This convening of international scholars, critics, and poets will consider the work of the late American poet Bernadette Mayer. Presentations by Kay Gabriel, Divya Nadkarni, Matthew Rana, and Mia You will be followed by a discussion moderated by Marija Cetinić. This round table promises to be as wide-ranging as Mayer’s work itself, addressing questions of poetic form and experimental writing as well as issues surrounding labour, motherhood, trans and queer desire, and the unconscious.
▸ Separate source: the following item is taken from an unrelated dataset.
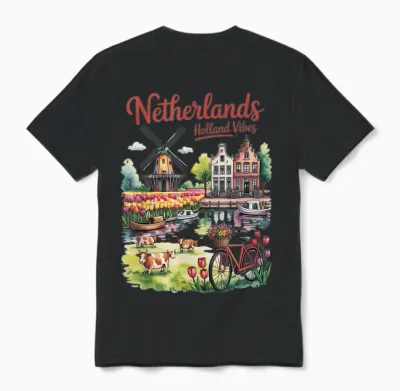 Niederländische Windmühle Tulpenfelder Holland Vibes Unisex T-Shirt - Black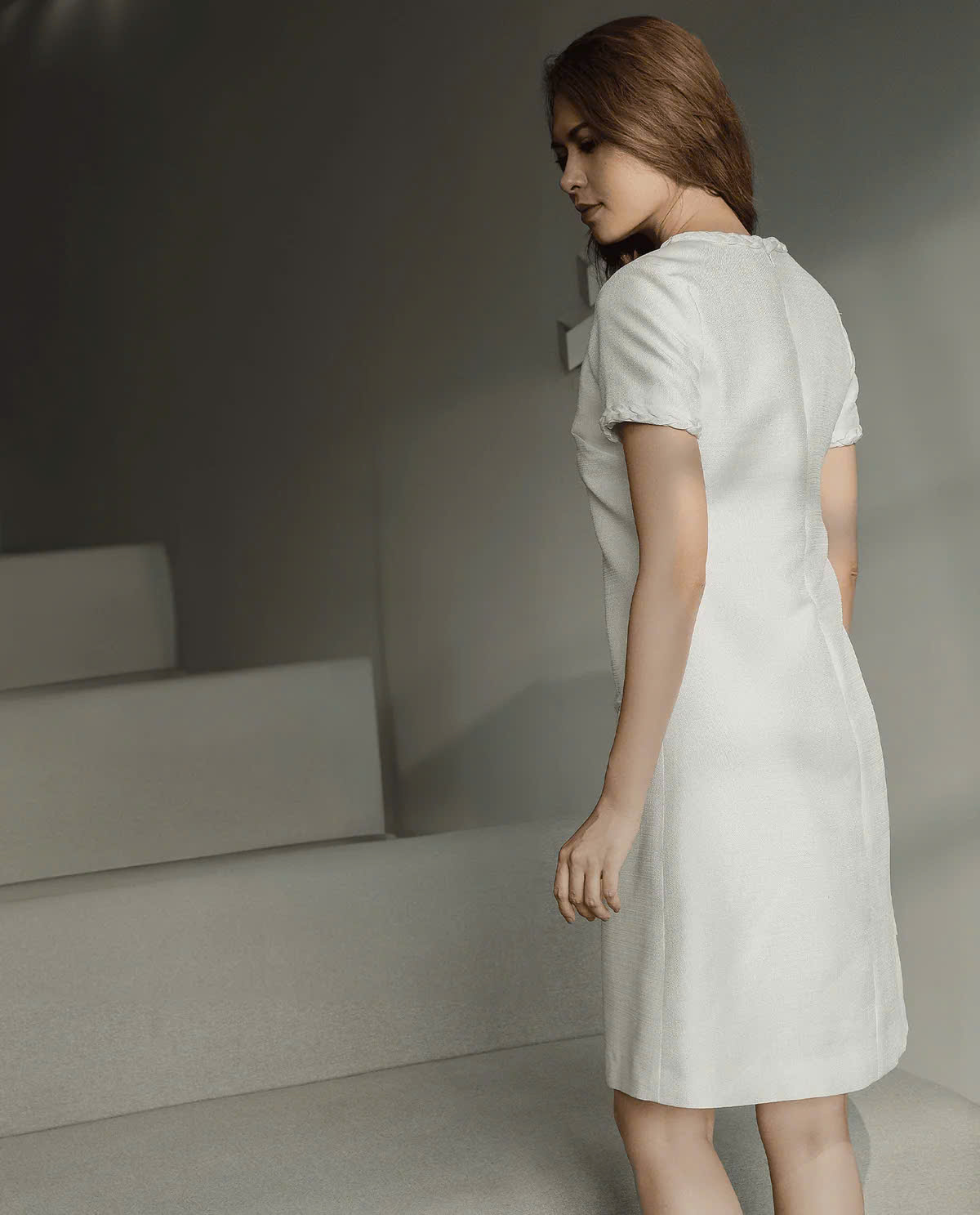 Đầm Suông Tweed Trắng Sicily thời trang thiết kế Hity DRE172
Bernadette Mayer (1945-2022) is widely regarded as one of the most innovative experimental writers of her generation. She authored over thirty collections, including Sonnets (1989), Midwinter Day (1982), and, most recently, Milkweed Smithereens (2022), as well as countless chapbooks and artist-books. From 1980-1984, she served as the director of the St. Mark’s Poetry Project, and also founded and edited the journal of conceptual writing 0 TO 9 and United Artists books and magazines. She taught at the New School for Social Research, Naropa University, Long Island University, the College of Saint Rose, Miami University, and at the University of Pennsylvania as a Kelly Writers House Fellow.
Kay Gabriel is the author of Kissing Other People or the House of Fame and A Queen in Bucks County, and is co-editor with Andrea Abi-Karam of We Want It All: An Anthology of Radical Trans Poetics. She runs publications at The Poetry Project and lives in Queens, New York.
Divya Nadkarni is a lecturer in the department of Literary and Cultural Analysis at the University of Amsterdam, and one of the founding editors of nether quarterly, a literary journal based in India.
Matthew Rana’s writing has appeared in Jacket2, OEI, and The Poetry Project Newsletter, among others, and he is a regular contributor to Frieze. Currently a PhD candidate at the Amsterdam School for Cultural Analysis, he lives and works in Stockholm.
Mia You is the author of I, Too, Dislike It and the forthcoming books, Rouse the Ruse and Rush, Portraits of Beauty from the Eight Regions, and Festival. She teaches Anglophone literature at Utrecht University.
Marija Cetinić is Assistant Professor of Literary and Cultural Analysis at the University of Amsterdam, where she coordinates the Sex Negativity research group together with Stefa Govaart and Tessel Veneboer.